The network had shifted across the country to interview another famed minister. “Carl Eisenberg here with the Reverend Curtis Smith, of the United Protestant Reformed Church. Doctor Smith, what are your thoughts on the first speech in the Reverend Jacks’s Crusade for Change?”
“Well, Carl, it is a clarion call for unification, there’s no doubt about that. We here at the UPRC have long hoped and prayed for a force to unite all the Christian factions.”
“Thank you, Doctor. Now to Paul Wright, with Richard Cardinal Buttner, in Philadelphia.”
Stephen Strange snapped off the set. The silence deepened for a long moment. “They are getting on the bandwagon fast,” Clea said.
“Aided by the technology he seems to want to destroy,” Strange said softly. But what exactly was the plan?
“Doctor Strange, this is Alicia Jacks.”
“Yes, Mrs. Jacks, what can I do for you?”
“I hate to be calling you; I know you must have important things to do, but . . .”
“Go on, please,” he said into the telephone.
“It’s Billie Joe. He’s . . . he’s not well.”
“Is the crusade taking that much of his energy?” Strange asked. The well-televised crusade had been taking up much of the airwaves for ten days.
“He’s . . . weak, Doctor Strange. I’ve been giving him the vitamins, seeing he gets rest and all, but . . . he’s so weak in the daytime. He’s . . . he’s aged five years. I don’t know what to do.”

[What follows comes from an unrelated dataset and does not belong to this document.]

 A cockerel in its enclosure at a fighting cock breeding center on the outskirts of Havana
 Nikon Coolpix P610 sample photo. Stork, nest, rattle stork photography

“Would you like me to see him again?”
“Oh, I . . . to be frank, Doctor, I don’t think he’d see you. After . . . after our visit he was, well, very much against you. He called you—no, I shouldn’t.”
“Go on, Mrs. Jacks, it’s all right.”
“Well . . . uh . . . he called you a devil, an acolyte of Satan, things like that.”
“And a charlatan, no doubt.” Strange smiled faintly. “But what can I do for you. I do not practice medicine any longer, you know, Alicia.”
“No, it isn’t . . .” She seemed very hesitant. “It’s . . . it’s not really medical. I think . . . it’s . . . oh, I don’t know how to put it.”
“Psychic?”
“Well, I . . . I just don’t know. He should be well. He’s always been very healthy. We’ve done crusades before, several of them, that were just as demanding, or almost so, anyway. It’s . . . something else, Doctor Strange.”
“I’ll come see him tonight. You are appearing at Madison Square Garden, are you not?”
“Yes. I’ll . . . I’ll have tickets for you at the box office. Or would you prefer to come backstage first?”
“I’d like to get as close as possible, yes.”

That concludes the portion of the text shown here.